### [What to produce]
Exactly as written, output each of the lines below, with no images.

### [Data]
[Start of Attachment]

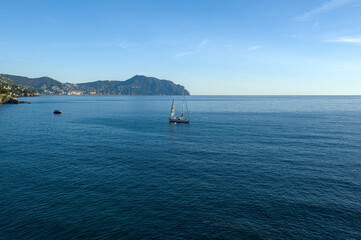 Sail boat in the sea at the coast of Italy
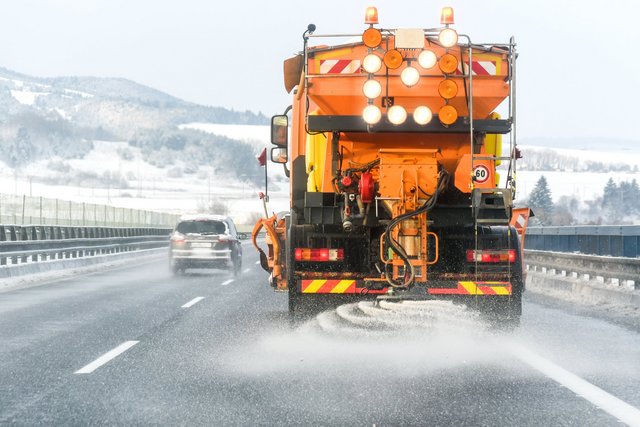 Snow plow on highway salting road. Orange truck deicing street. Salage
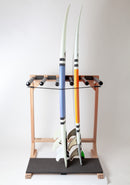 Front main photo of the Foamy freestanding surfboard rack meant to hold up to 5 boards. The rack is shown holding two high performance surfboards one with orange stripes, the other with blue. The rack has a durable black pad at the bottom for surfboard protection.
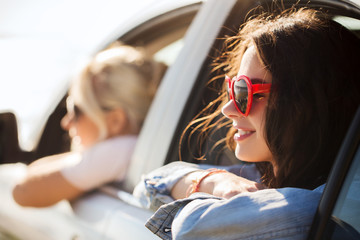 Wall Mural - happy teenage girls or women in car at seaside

[End of Attachment]

### [Solution to the problem]
 Sail boat in the sea at the coast of Italy
 Snow plow on highway salting road. Orange truck deicing street. Salage
 Front main photo of the Foamy freestanding surfboard rack meant to hold up to 5 boards. The rack is shown holding two high performance surfboards one with orange stripes, the other with blue. The rack has a durable black pad at the bottom for surfboard protection.
 Wall Mural - happy teenage girls or women in car at seaside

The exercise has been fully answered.